Ever since Loyola men’s basketball joined the Atlantic-10 Conference at the start of the 2022-2023 season, the Ramblers have been chasing something.

First, it was the entire A-10. Loyola’s first year in its new digs resulted in a 10–21 overall season and a 4–14 record in conference play.

Then, Loyola was chasing consistent success after an 8-5 record through non-conference play. But that, all in the past.

Now, the Ramblers are chasing championships. The A-10 regular season title is in reach.

"We gotta be chasing, we have to be," Loyola head coach Drew Valentine said last Friday. "We're chasing a championship and so we're focused just on our day-to-day process, and why we've gotten to this point."

That is why the Ramblers' success this season is a layered subject.

Loyola’s move from the Missouri Valley to the A-10 was questioned. Why would Loyola leave the conference where the Ramblers could be the featured team in a perennial double-bid league? 

They’re showing exactly why now. The program has found the success it envisioned.

"There was so much discussion about how big of a jump to the Atlantic 10 was from the Missouri Valley for us," Valentine said. "For us to be able to have success against opponents that we didn't have success against last year, I think that confirms that."

That success has taken shape in the form of a six-game winning streak after winning Sunday’s matinée against Rhode Island. 

In this winning streak, Loyola has found its confidence. It partially stems from the Ramblers knowing what it feels like to be at the bottom of the standings.

"I feel like whenever we get into a situation now, I could imagine (coach Drew Valentine) being like, ‘We've been here before, we came back from things like that,’" Loyola forward Dame Adelekun said last Friday. "I feel like we just know what we're capable of."

Loyola is capable of a championship. 

Sitting at 11-2 in A-10 play, the Ramblers are tied with No. 16 Dayton atop the standings.
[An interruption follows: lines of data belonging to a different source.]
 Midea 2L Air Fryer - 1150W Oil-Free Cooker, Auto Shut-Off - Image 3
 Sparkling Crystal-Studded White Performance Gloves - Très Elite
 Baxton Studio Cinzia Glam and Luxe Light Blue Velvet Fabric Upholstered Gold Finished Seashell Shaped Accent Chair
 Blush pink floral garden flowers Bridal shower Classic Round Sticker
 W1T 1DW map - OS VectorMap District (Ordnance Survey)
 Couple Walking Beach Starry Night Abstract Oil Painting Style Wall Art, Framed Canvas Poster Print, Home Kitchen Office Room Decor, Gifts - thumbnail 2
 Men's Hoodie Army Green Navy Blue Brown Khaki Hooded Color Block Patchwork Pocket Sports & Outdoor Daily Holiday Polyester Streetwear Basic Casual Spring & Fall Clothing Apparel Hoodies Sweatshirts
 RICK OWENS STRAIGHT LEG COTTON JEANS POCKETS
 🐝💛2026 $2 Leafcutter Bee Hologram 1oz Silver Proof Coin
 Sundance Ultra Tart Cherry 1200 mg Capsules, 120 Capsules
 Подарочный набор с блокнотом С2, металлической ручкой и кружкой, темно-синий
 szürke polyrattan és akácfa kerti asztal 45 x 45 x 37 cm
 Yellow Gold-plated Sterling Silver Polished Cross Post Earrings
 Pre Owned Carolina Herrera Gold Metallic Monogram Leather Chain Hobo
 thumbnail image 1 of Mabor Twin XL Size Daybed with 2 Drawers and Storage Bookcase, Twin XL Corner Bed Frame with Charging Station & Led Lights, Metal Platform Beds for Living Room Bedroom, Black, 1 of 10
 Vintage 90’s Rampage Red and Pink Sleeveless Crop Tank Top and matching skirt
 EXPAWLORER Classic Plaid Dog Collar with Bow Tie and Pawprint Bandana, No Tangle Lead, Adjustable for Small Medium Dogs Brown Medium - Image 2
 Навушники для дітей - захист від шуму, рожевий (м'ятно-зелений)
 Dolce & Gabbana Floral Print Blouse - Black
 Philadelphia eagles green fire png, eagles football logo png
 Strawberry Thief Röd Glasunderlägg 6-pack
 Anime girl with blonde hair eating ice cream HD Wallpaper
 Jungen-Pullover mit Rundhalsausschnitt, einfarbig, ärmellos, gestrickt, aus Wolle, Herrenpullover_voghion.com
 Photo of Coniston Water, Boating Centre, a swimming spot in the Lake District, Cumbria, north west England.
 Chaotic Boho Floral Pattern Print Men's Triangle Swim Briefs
Loyola hosts the Flyers on March 1 in what could be the game that decides the regular season title.

DAVIDSON, NC - JANUARY 04: Head Coach Drew Valentine of the Loyola Ramblers shouts instructions to his team during a basketball game against the Davidson Wildcats on January 4, 2023 at John M. Belk Arena in Davidson, NC. (Photo by David Jensen/Icon S

Winning that title guarantees a NIT bid at the very least. Loyola would need a deep conference tournament run to be in the conversation for an at-large bid, but winning the tournament would clinch a NCAA Tournament berth automatically.

The way the Ramblers are playing, they believe multiple championships are in their future.

"Every game we go into now, we fully believe we're going to win," Adelekun said. "No matter how the game is going."

That confidence wasn’t always there.

In fact, that confidence arrived once the Ramblers started winning games in a myriad of ways, be it with offense, with defense or with a clutch gene.

"We really struggled at times in the adversity of wanting it too bad, and what I mean by that is guys would individually maybe take a risk that they shouldn't take instead of being disciplined," Valentine said. "They're not letting a missed shot dictate their defense and they're not letting a missed shot dictate the fact that we can still go get an offensive rebound and score. So, just finding different ways the win has really helped us do that."

The excitement has caught on with the Loyola faithful, too. Upcoming home games against George Mason and Dayton are sold out at Gentile Arena.

It’s fair to say Loyola caught lightning in a bottle. The perfect time to hit a winning streak is in February when teams need to play their best basketball of the season.

Valentine isn’t a stranger to finding that lightning. He was an assistant on the Loyola team that went to the Final Four in 2018 and made a Sweet Sixteen appearance in 2021.

This season is his best coaching job yet, putting together a team that overcame its early struggles and a reputation as a team with question marks around it following a conference jump.

With five games left, the Ramblers can keep that momentum going. Valentine said the team keeps that momentum by continuing to chase a championship.

The players feel the winning culture that’s been established at Loyola in the past six years. They feed into that, which delves into the team’s heightened confidence.

With that confidence in hand, the team has struck a balance.

"When you have such high confidence, you feel like you're humble," Loyola guard Des Watson said Friday. "But you also have confidence where you feel like nothing can stop you at the same time."